Sibylle Marcks liebte es nicht, wenn Bekannte oder Angehörige vor dem Bühnenausgang des Theaters auf sie warteten. Sie mußte dann an Affenkäfige denken. Nicht einmal ihre Mutter oder ihre Schwester Gabi durften draußen stehen, als sie das erstemal die »Renate« spielte. Sie fuhr mit Gabi schnell in die Schöneberger Wohnung voraus. So konnten sie schon ein paar Blumen und etwas Wein besorgt haben, während Sibylle sich noch abschminkte und im Auto nachkam.

Es war eine Dreizimmerwohnung, die Nora Velten mit ihren drei Töchtern bewohnte. Jedermann dachte, daß es eine Fünfzimmerwohnung wäre, weil die Frauen in den Wohnzimmern auf Sofas schliefen und sich im Badezimmer wuschen.
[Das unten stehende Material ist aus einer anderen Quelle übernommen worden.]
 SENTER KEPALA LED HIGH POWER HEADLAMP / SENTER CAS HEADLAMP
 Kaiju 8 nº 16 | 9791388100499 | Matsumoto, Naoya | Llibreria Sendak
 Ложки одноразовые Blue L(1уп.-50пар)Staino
Nur Siby – die beiden Mädchen hießen von früh auf Siby und Gabi – fand das abscheulich und hatte sich in der Mädchenkammer eingerichtet. Dort stand ein richtiges kleines eisernes Bett mit einer Waschtoilette, und am Fenster ein nicht zu kleiner Tisch. An den Wänden hingen zwei Bücherregale zwischen vielen Bildern, die irgendwo ausgeschnitten und mit Reißstiften angeheftet waren. Siby mußte ihr eigenes kleines Reich haben, und sie vertrug es auch nicht, mit dem Waschen zu warten, bis etwa das Badezimmer – und es war nicht einmal ein sehr hübsches Badezimmer – frei war. Es sah ganz freundlich in ihrem Zimmer aus, und immer nach den kleinen Gesellschaften, die die Damen Velten gaben, saß man am Schluß zu Dreien oder Fünfen in Sibys Mädchenkammer, trank Likör und rauchte Zigaretten, bis die Luft schwarz war.
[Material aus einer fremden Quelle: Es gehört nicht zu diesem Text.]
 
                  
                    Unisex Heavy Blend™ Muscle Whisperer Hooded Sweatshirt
Eigentlich konnte man nicht von den »Damen Velten« sprechen. Velten war Frau Noras Mädchenname, den sie wieder angenommen hatte, und die beiden Töchter hießen nach ihrem Vater Marcks, Sibylle und Gabriele Marcks. Die Mädels wußten, daß sich hinter der Trennung ihrer Eltern ein Roman verbarg. Frau Nora war eines Tages mit dem besten Freund ihres Mannes auf und davon gegangen. Sie hatte gedacht, daß Erich Torner und sie heiraten würden. Auf einmal ließ seine Frau ihn nicht los. Zum Glück verzichtete Anton Marcks auf seine Töchter und sorgte so reichlich für sie, daß der kleine Haushalt davon bestritten werden konnte.

Eigentlich hätte man in der kleinen Schöneberger Wohnung auf Torner wütend sein müssen, aber merkwürdigerweise wurde er hier als eine Art Familienoberhaupt angesehen. Frau Nora bestrafte ihn lediglich dadurch, daß sie niemals einen Pfennig Geld von ihm annahm, obgleich Torner große Summen verdiente. Sie hatte vor kurzem noch eine gesellschaftliche Rolle gespielt. Seit der Scheidung ihrer Ehe zog sie sich vollkommen zurück. Nur ihre Töchter wußten, daß sie ihre letzte Kraft an das Ringen mit einem Mann gegeben hatte, der sich jeder Bindung entzog und sich nur, wenn er vor seiner Staffelei stand, von einem Willen zur Form bis zur Demut überwältigen ließ.

Zwei- oder dreimal im Monat suchten Gabi und Siby ihren Vater auf. Es waren offizielle Gänge, zu denen die Mutter die beiden Mädchen pflichtgemäß ermahnte. Vielleicht ahnte Nora Velten, daß Siby, ohne ein Wort darüber zu verlieren, weit öfter in das große Atelierhaus im Grunewald ging und sich dort ganze Nachmittage aufhielt. Sie wollte mit Sibylle nicht darüber sprechen. Sie konnte es nicht ertragen, daß Anton Marcks in ihrer Gegenwart erwähnt wurde. Es war, als hätte sich aller Haß in ihr gegen diesen Mann gewendet. Als sie erfuhr, daß Marcks sich wieder verheiratet hatte, strich sie ihn aus ihrem Gedächtnis aus. Mit ihren Töchtern sprach sie nicht darüber.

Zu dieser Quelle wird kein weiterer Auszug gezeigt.